本篇文章会分析比较LSTM模型和一维卷积模型的特点。
在进行比较之前,我们需要加载之前训练好的两个模型。
from keras.models import load_model
from keras.datasets import imdb
from keras.preprocessing.sequence import pad_sequences
model_conv = load_model("my_model_conv1d.h5")
model_lstm = load_model("my_model_lstm.h5")
下面提供了一个函数,用于编码数据
import numpy as np
#将字符串编码为整数序列
def encode_word(word):
#下载imdb内置的单词整数映射字典
word_index = imdb.get_word_index()
word = word.replace(","," ").replace("."," ").replace("?"," ").replace("!"," ").replace("'s'"," is").replace('"',"").replace(":","").replace(" "," ").strip()
word = word.lower()
word_list = word.split(" ")
return [(word_index.get(i,-3)+3) for i in word_list]
我们尝试编码这样一句话。
print(encode_word("I think it's a great movie. People want to see it again."))
输出结果如下:
[13, 104, 45, 6, 87, 20, 84, 181, 8, 67, 12, 174]

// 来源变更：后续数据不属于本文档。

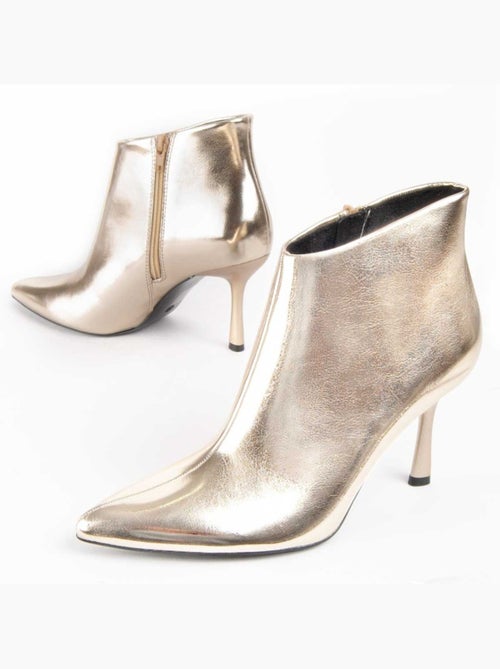 Botín De Tacón Para Mujer.  Montevita  Botinia - Kiabi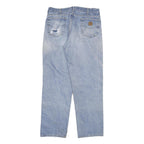 CARHARTT Mens Relaxed Denim Light Blue Cotton Blend Jeans W36 L34 Casual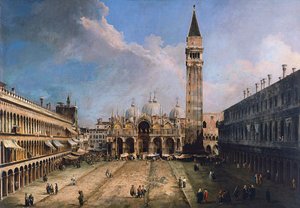 Piazza San Marco v Benátkách, cca 1723-1724 od Giovanni Antonio Canal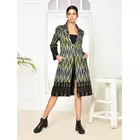 Schwarzer Trenchcoat von Bia Handloom – Handgewebte Damenoberbekleidung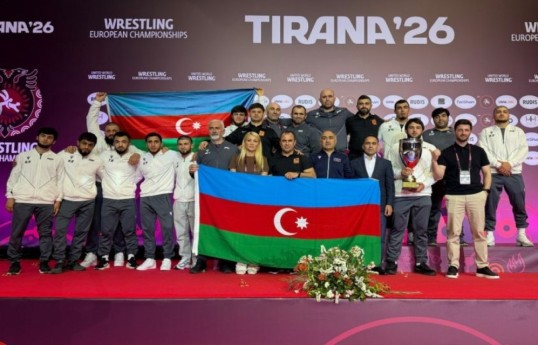 L’équipe nationale d’Azerbaïdjan de lutte libre est devenue championne d’Europe pour la sixième fois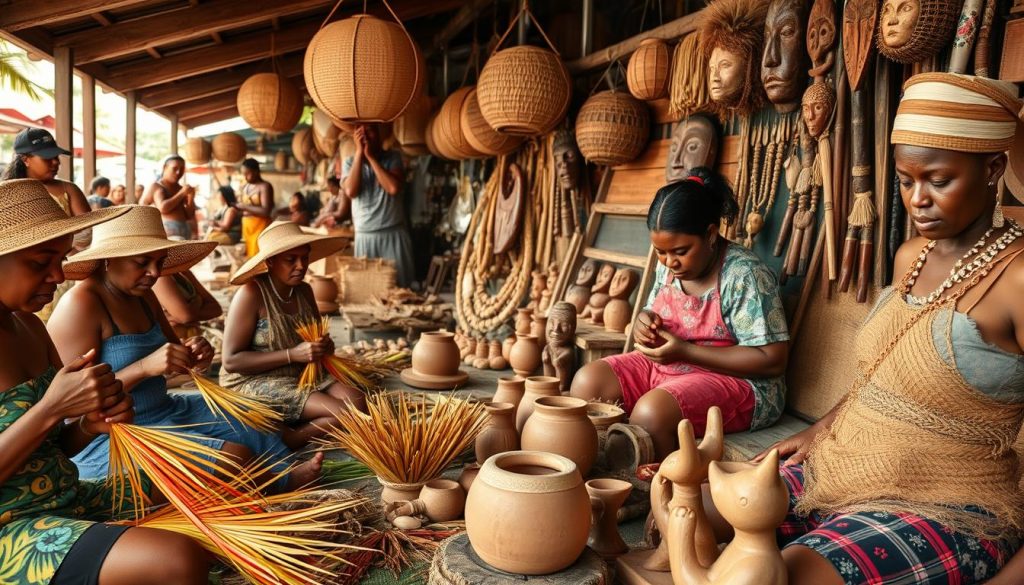 Suva local artisans creating eco-friendly crafts Suva local artisans creating eco-friendly crafts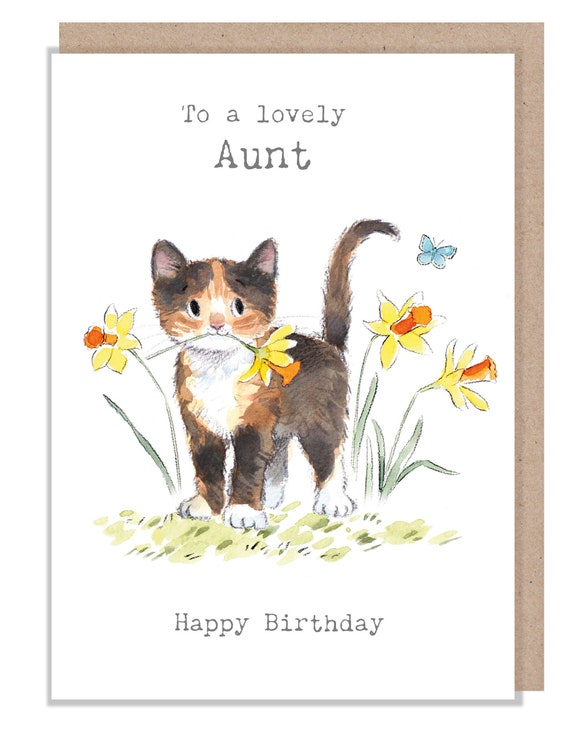 Carte D'anniversaire De Chat, Cadeau De Papa De Chat, Carte De Maman De Chat, Carte
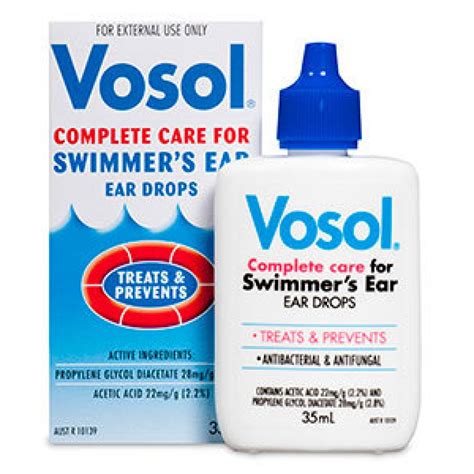 Swimmers Ears Otitis Externa Vosol Swimmers Ear Ear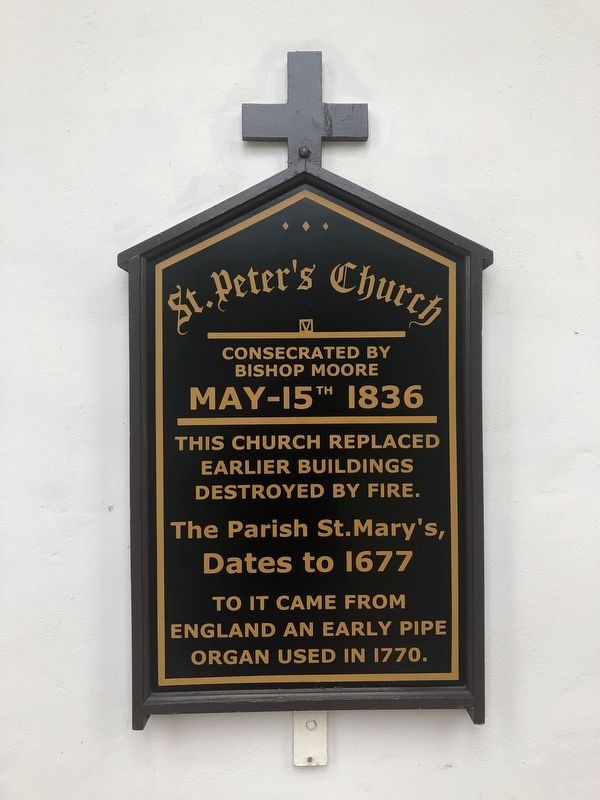 St. Peter's Church Marker. Click for full size. St. Peter's Church Marker image. Click for full size.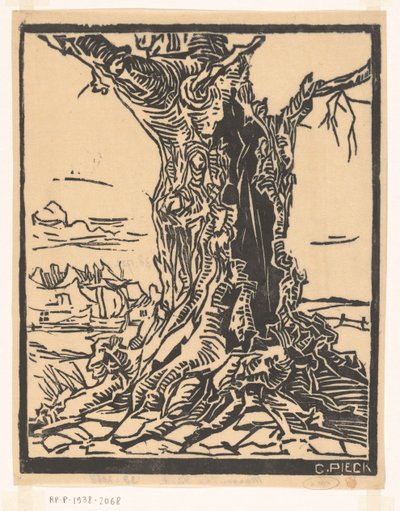 Linde in Lage Vuursche door Gretha Pieck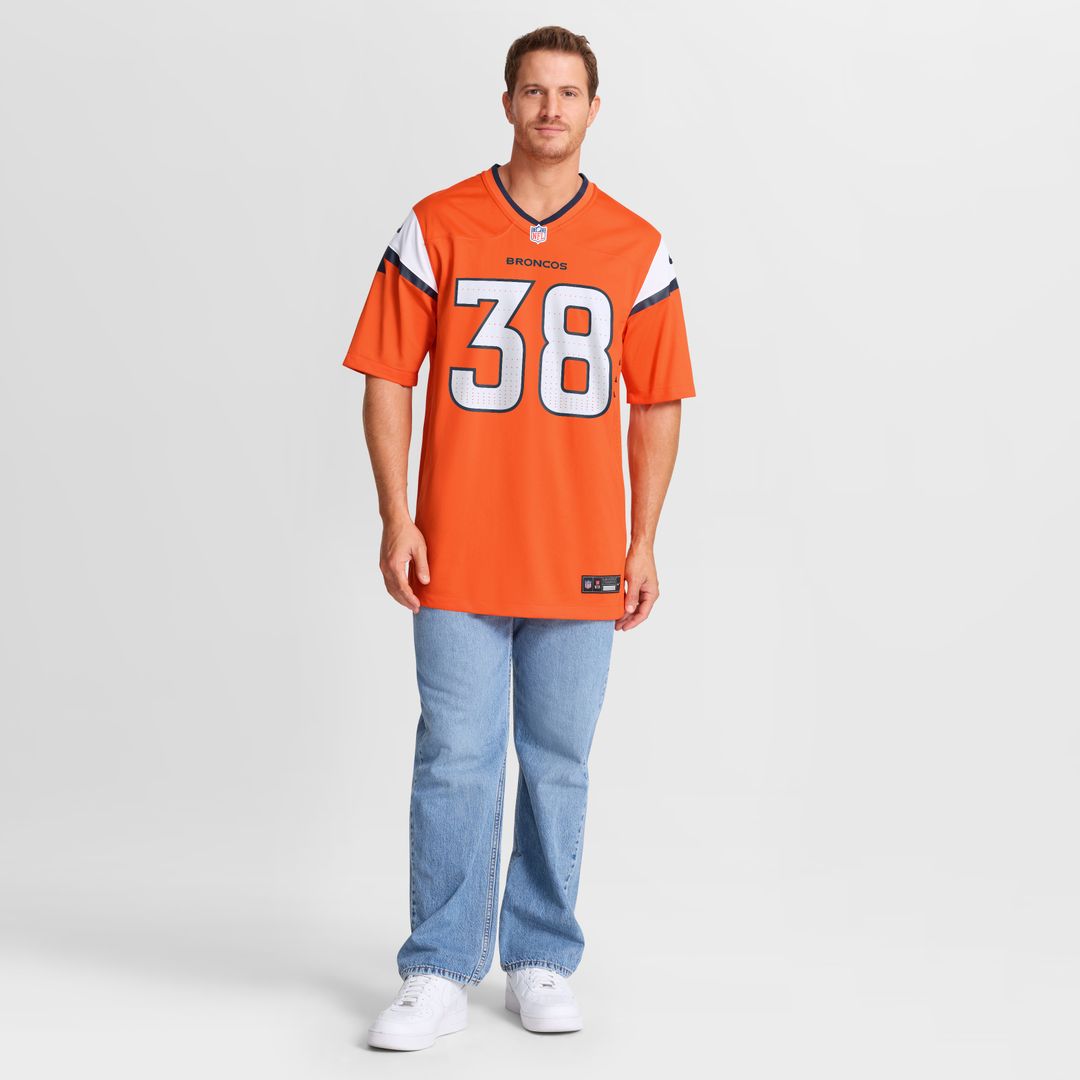 Jaleel McLaughlin Denver Broncos Nike Game Official Jersey -  White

下面两个函数是用来使用一维卷积预测和LSTM模型预测的函数
#一维卷积模型预测
def conv1d_predict(word):
word = encode_word(word)
word = np.array(word)
word[word>10000] = 0
word = np.expand_dims(word,0)
word = pad_sequences(word,maxlen=maxlen)
imdb_score = model_lstm.predict(word)[0][0]
if imdb_score>0.5:
return "the score is:{} good".format(imdb_score)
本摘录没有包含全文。